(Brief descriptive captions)
───

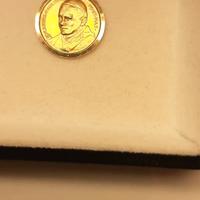 ciondolo  oro giallo18 Kt Giovanni Paolo II g 2,60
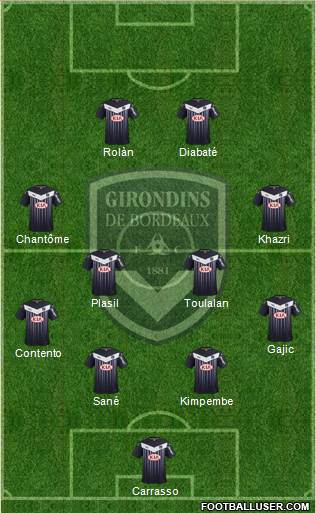 FC Girondins de Bordeaux Formation 2016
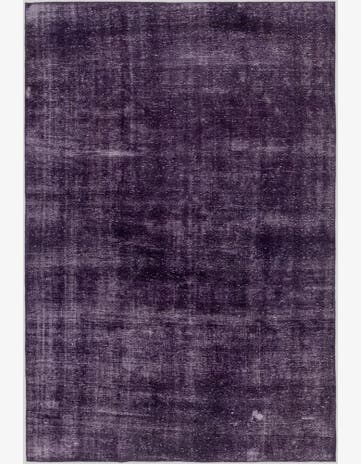 7' 3 x 10' 9 Hand Knotted Ultra Vintage Persian Wool Rug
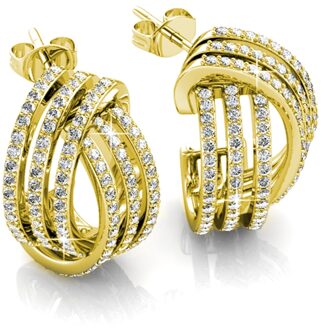 Cherish Oorbellen - Goud en Kristal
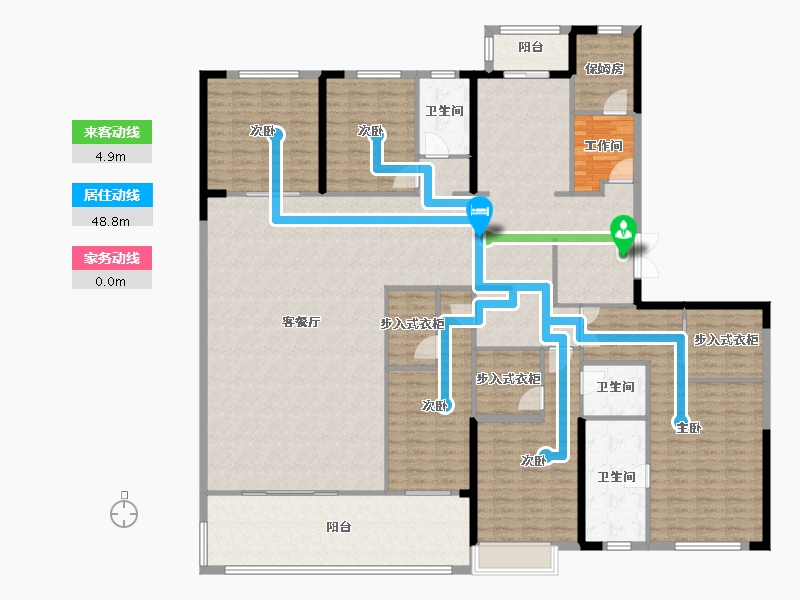 湖北省-荆州市-楚天都市·御湖—品-248.00-户型库-动静线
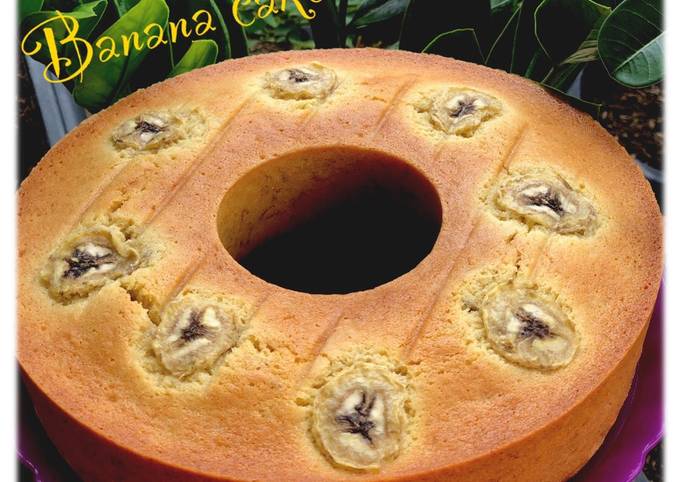 Cara Gampang Membuat Banana cake soft and moist (bolu pisang lembut dan lembab) Anti Gagal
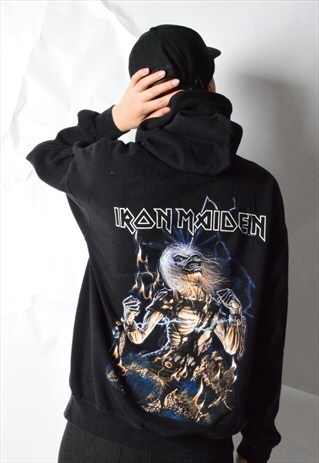 BLACK IRON MAIDEN BAND HOODIE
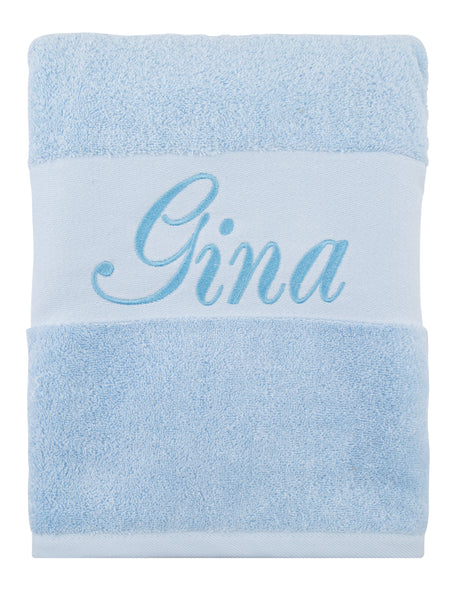 Bath Towel Baby Blue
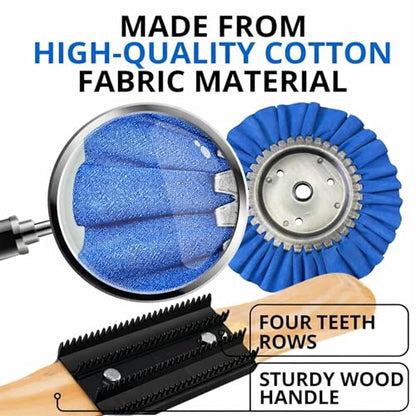 8 Inch Aluminum Polishing Kit – 6PCS Airway Buffing Wheel for Drill and Grinder Professional Rim Polishing and Metal Kit for Polished Aluminum Wheels Restoration and Shine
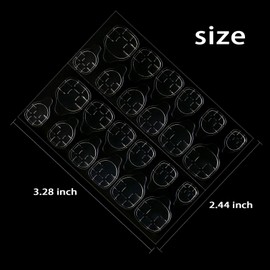 Allstarry 288pcs (12 Sheets) Adhesive Tabs Waterproof Breathable Glue Tabs Double-Sided Nail Jelly Sticker Super Sticky Fake Nail Glue Stickers Transparent Flexible for Manicure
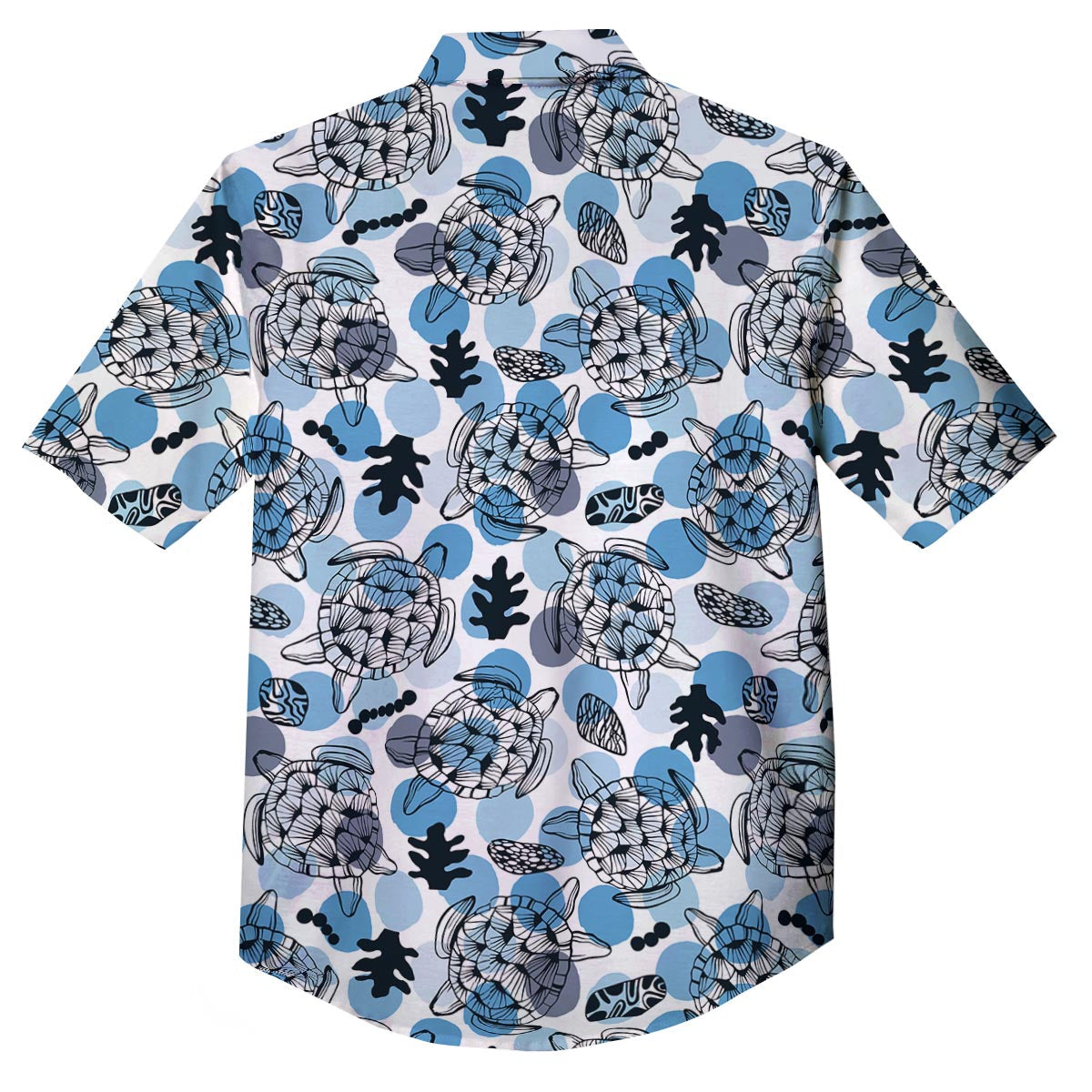 Shell Sea Turtle Print Pattern Button Up Shirt-grizzshop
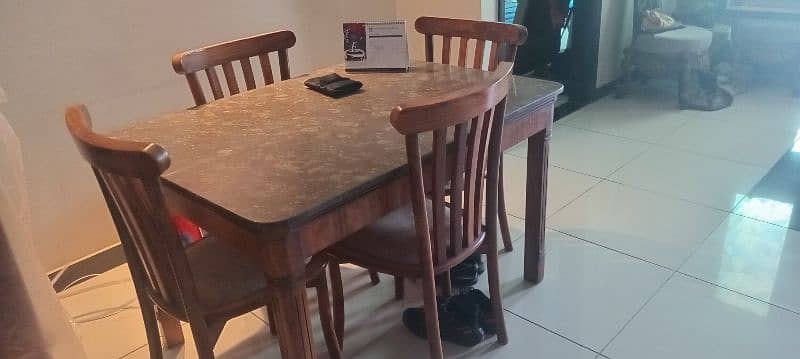 marble top dining table 1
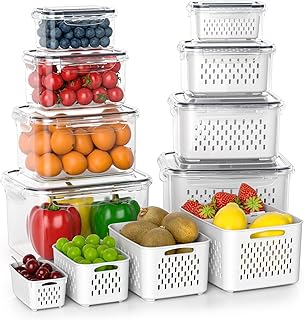 8 Pack Fruit Storage Containers with Removable Colander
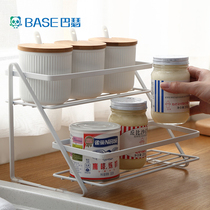 Kitchen seasoning rack bathroom bathroom cosmetics multi-purpose desktop rack firewood rice oil salt storage rack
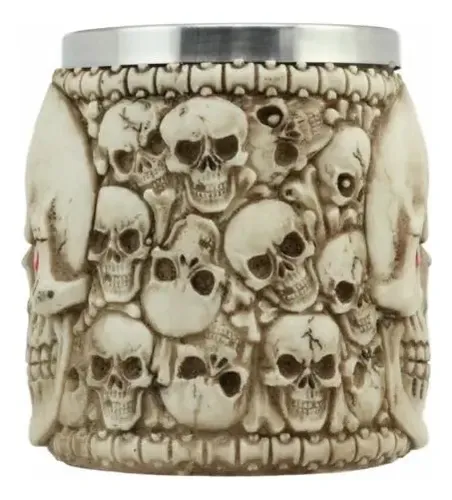 Taza De Cafe Ossuary Skeleton Of Skulls - A Pedido_exkarg Hueso 4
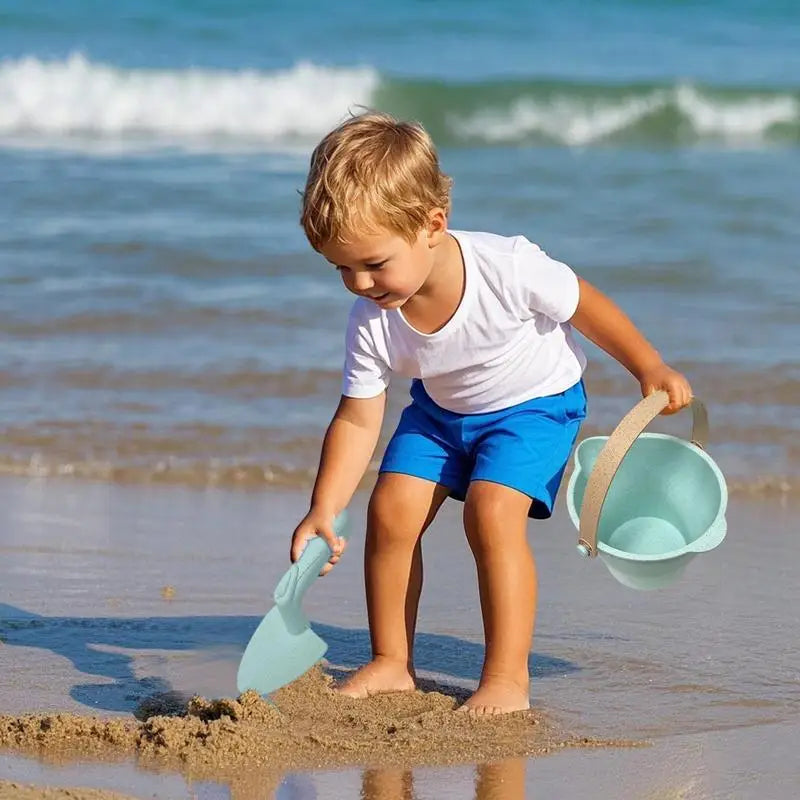 Toddler Beach Toys Sand Box Castle Play Buckets Toy Shovels Molds Zpaxo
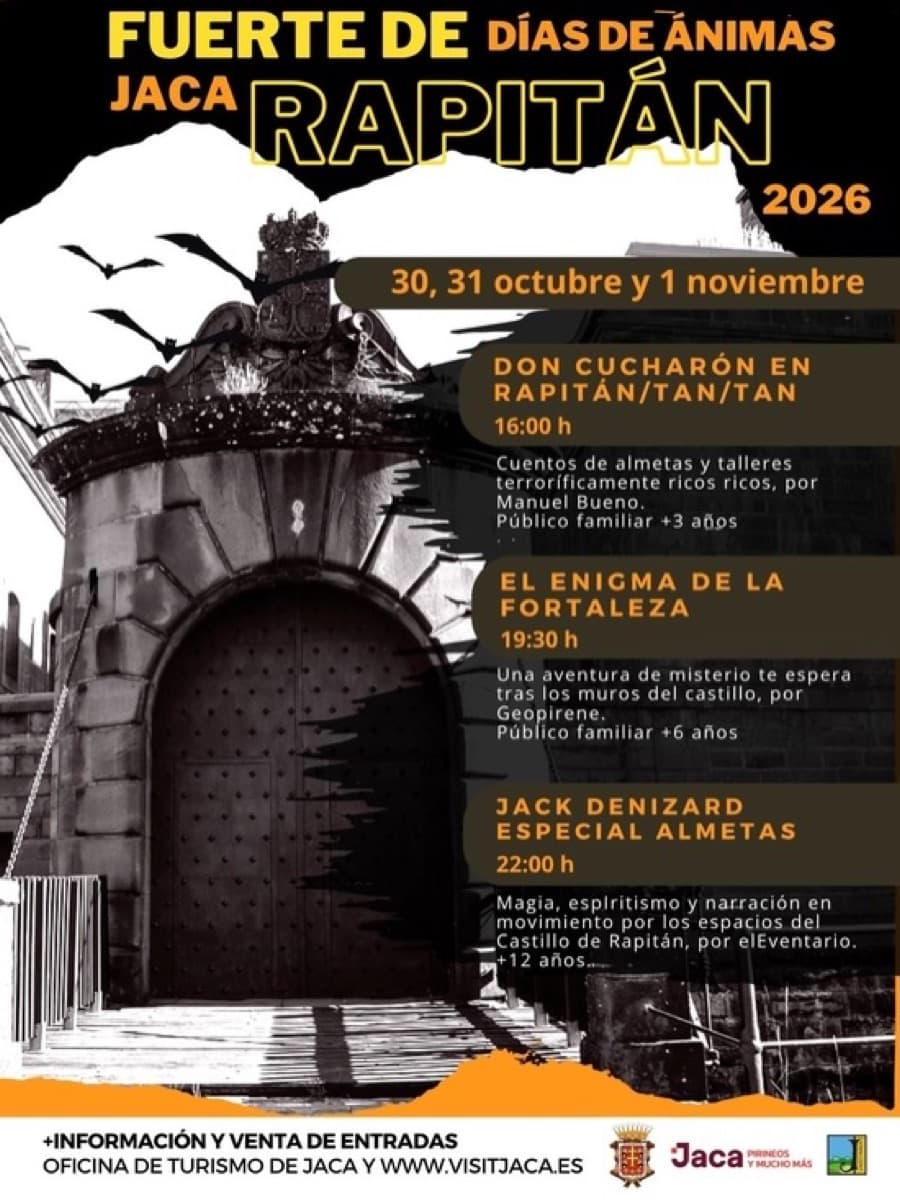 Cartel de Días de Ánimas: «Don Cucharón en Rapitán/Tan/Tan»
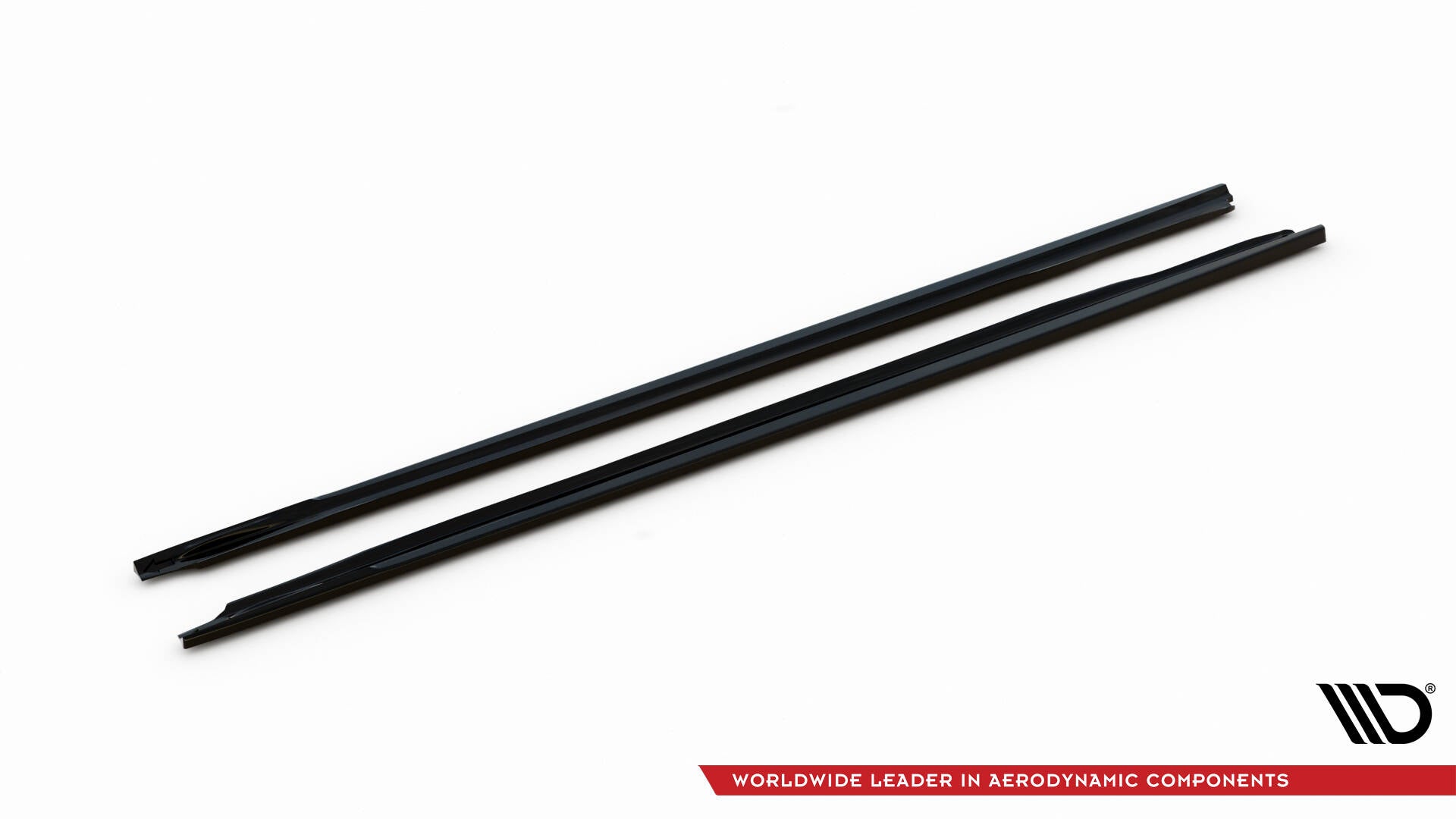 Maxton Design Street+ Seitenschweller Leisten passend für BMW 7 G11 schwarz Hochglanz
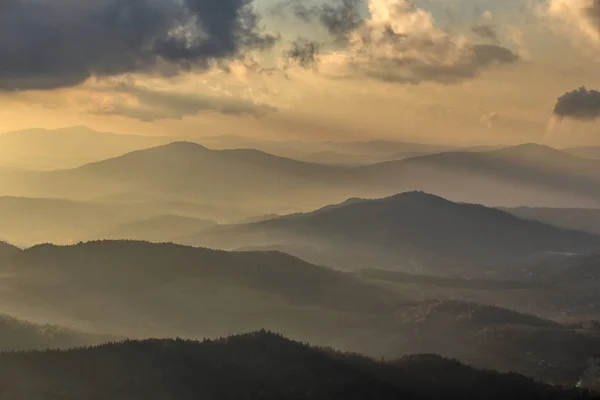 Montagne Wyspowy Beskid - Polonia Carpazi Immagini Stock Royalty Free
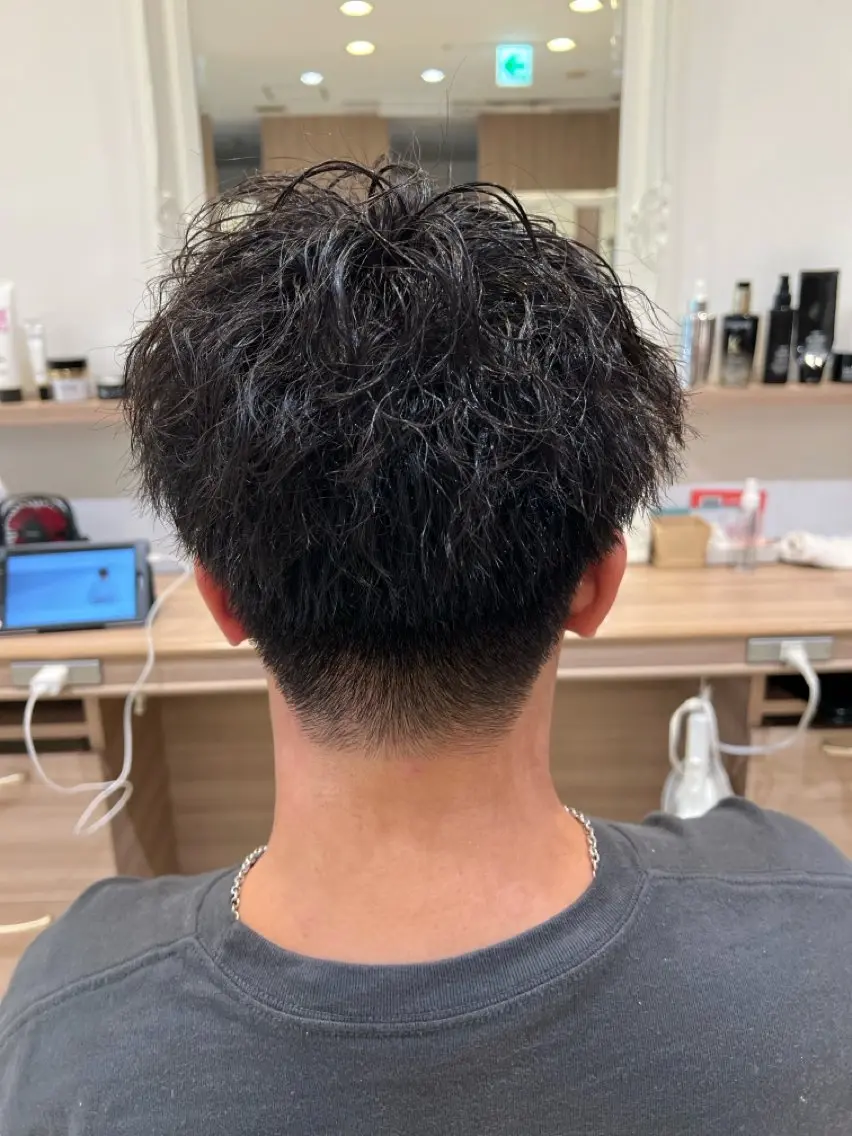 パーマ メンズ カット パーマ こちんだ ともかのヘアスタイル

───

> _Assignment_
Only the lines from the start of the records to the one containing "湖北省-荆州市-楚天都市·御湖—品-248.00-户型库-动静线" should be repeated, exactly and with both ends kept; drop any pictures.

> _Output for this task_
 ciondolo  oro giallo18 Kt Giovanni Paolo II g 2,60
 FC Girondins de Bordeaux Formation 2016
 7' 3 x 10' 9 Hand Knotted Ultra Vintage Persian Wool Rug
 Cherish Oorbellen - Goud en Kristal
 湖北省-荆州市-楚天都市·御湖—品-248.00-户型库-动静线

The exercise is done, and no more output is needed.